The next contributing factor is the very treatment of those within. From the first attempts to house the insane apart from the regular populace overcrowding became an issue, over and over again, as if some grand system had dictated that no matter the number of houses for the wretches of society, there could never be enough space. As families dumped the unwanted and burdensome and the staff grew tired of dealing with patients they were in no way equipped to handle, the doctors themselves had their own difficulties. For one, they had no idea how to treat the behaviors for which people were committed.
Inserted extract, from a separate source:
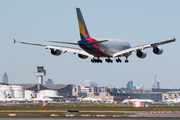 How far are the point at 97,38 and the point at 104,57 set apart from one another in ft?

This is where it gets juicy. Doctors were convinced that punishment would condition many of the patients. Punishment administered on a regular basis for an uncontrollable behavior is torture. To this day many of the so called treatments administered in these institutions have shown no usefulness whatsoever in treating anything, and many it seems would have actually exacerbated many of the symptoms of the many faces of madness. These are all the horrible cures that we have heard of but force to the back of our mind. It is still very difficult to believe that someone genuinely thought that waterboarding, water shock, electrical shocks, lobotomies, and drug cocktails including massive doses of insulin were cures for anything. But many doctors believed that the calm that followed was an indication of success as opposed to mental and physical exhaustion coupled with a sense of utter defeat.

The third ingredient is the fact that many of these magnificent places still linger at the fringes of towns and cities throughout Europe and North America. The old buildings may have collapsed roofs, molding plaster, and creaking floors yet there is a shred of their glory that lends them, like the traditional Victorian Home, a sense of imposing splendor, lingering authority, and a ghastly antiquity. Coupled with the sweet smell of rot, the mystery of horrid conditions and frightening trials hinted at by the presence of old files, rotting wheelchairs, and rusted surgical equipment, and the crumbling shells of greatness this creates a near mythical realm not all too far removed from our present or our own homes that is ripe and ready for the troubled souls of thousands to wander not-so-forgotten halls, calling out to us in the dark of the night.

These are the reasons that the asylum occupies such a large part of American and English folklore, with a particular thick vein in New England. My own travels have landed me in the shadow of Danvers, Greystone Park, Weston State, and a few other near legendary monoliths and inspired a good bit of my idea of gothic horror. They have given us Arkham Asylum in the world of DC Comics, populated dozens of movies, and been the setting of countless urban legends. So, yes, I have had an obsession of late, but it is merely the culmination of a life lived in the shadows of horror.